By entering into a lease agreement, you become subject to a group of laws that dictate your rights and responsibilities. These laws are broadly called landlord-tenant laws. They encompass all legislation dealing with the interactions between landlords, tenants, and properties.
Although there are several key federal regulations, most landlord-tenant laws are set by state governments. The federal government protects tenants’ right to equality in a few landmark laws, but it leaves the finer points (security deposits, late fees, etc.) to the states.
Some states’ laws favor landlords, while others tend to benefit tenants.

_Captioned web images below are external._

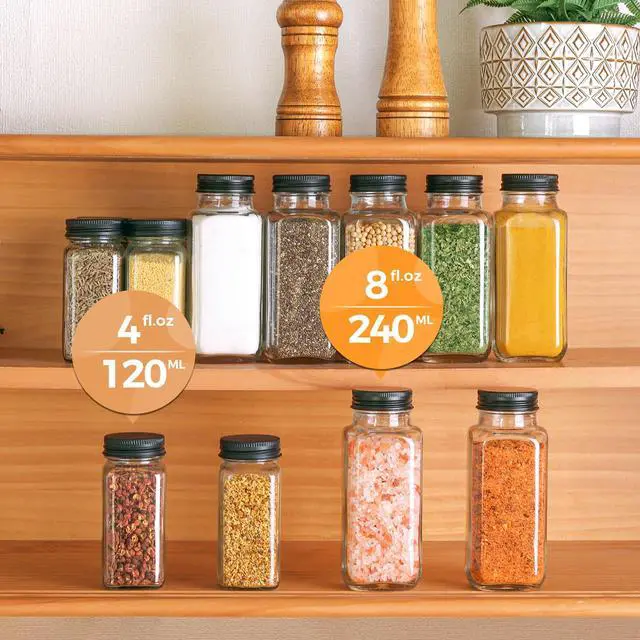 Alt view image 6 of 7 - Glass Spice Jars with with Labels 8 oz 6 Pack Square | Empty Containers, Seasoning Herbs Powders, Salt Pepper Chili, Spice Rack Organization, Kitchen Cabinet Storage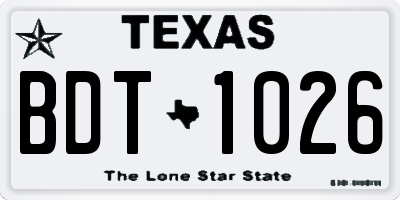 TX license plate BDT1026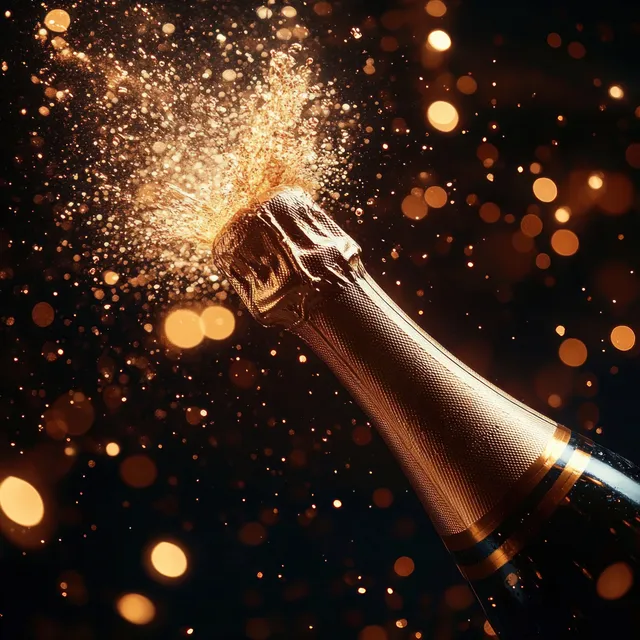 Champagne bottle uncorks and golden bubbles spray against a dark background with warm bokeh lights.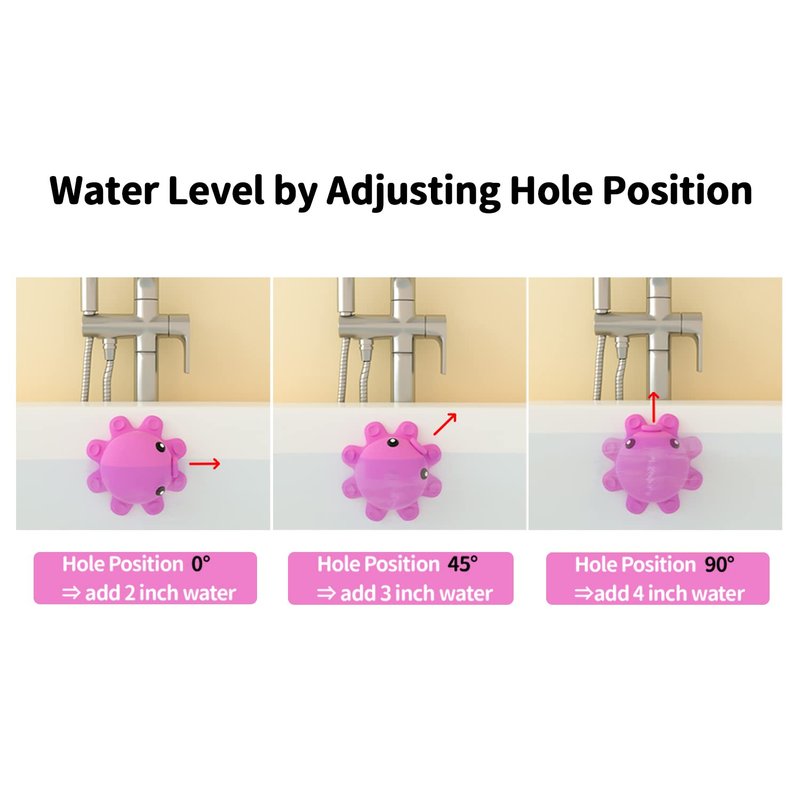 Bathtub Overflow Drain Cover - Tub Overflow Drain Cover, Soak Bath, Spa Accessories - Adds Inches of Water for Deeper Bath (Silicone, Hot Pink)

Part of your job is to know the rules and regulations for landlords forward and backward. Not only do these laws guide your rental practices, but they also protect you from lawsuits and needless legal predicaments. Court fees for violations can cost thousands. Therefore, it’s crucial to know and follow all the federal, state, and local laws that apply to you.
This article will highlight the most important landlord-tenant laws, from federal acts to common state and local ordinances.
Leases and Required Disclosures
Landlords are required to have a written lease agreement in most states. The lease, or rental agreement, is your most basic responsibility as a housing provider.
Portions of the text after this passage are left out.